横浜ゴムは10月15日、車の空気抵抗低減に加え、走行時に発生する車両のリフト(浮き上がり)抑制に貢献するタイヤのエアロダイナミクス技術を開発したと発表した。

同社は2010年から空力シミュレーションを活用したエアロダイナミクス技術を研究しており、2012年12月にはタイヤハウス内における空気の流れを制御するためインサイド(車両装着時内側)のサイドウォールにフィン状突起を放射線状に配置した技術を発表した。

今回の研究では、車両全体の空気の流れを制御するために、フィンの形状を新たに開発し、タイヤのショルダー部に近いサイドウォールに、斜めに配置した。
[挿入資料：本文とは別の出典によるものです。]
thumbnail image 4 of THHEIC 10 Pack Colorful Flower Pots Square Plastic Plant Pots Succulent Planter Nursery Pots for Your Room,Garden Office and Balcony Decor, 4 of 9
また、このフィンをアウトサイド(車両装着時外側)のサイドウォールに配置すると、フィンがタイヤ上部では空気抵抗の低減に寄与し、下部では車両のリフト抑制に貢献することを突き止めた。さらに、東北大学流体科学研究所の大林茂 教授らとともにスーパーコンピューター「京」を使って大規模な空力シミュレーションによるパラメータスタディを行った結果、空力的効果を高めるフィン配置に関する知見を得ることができたという。同社は、同技術を実用化することで、車の燃費性能を高めるとともに車体の安定性を向上するタイヤ開発が期待できるとしている。

なお、新形状のエアロダイナミクスタイヤは10月28日から東京ビッグサイトで開催される第44回東京モーターショー2015に参考出品される予定。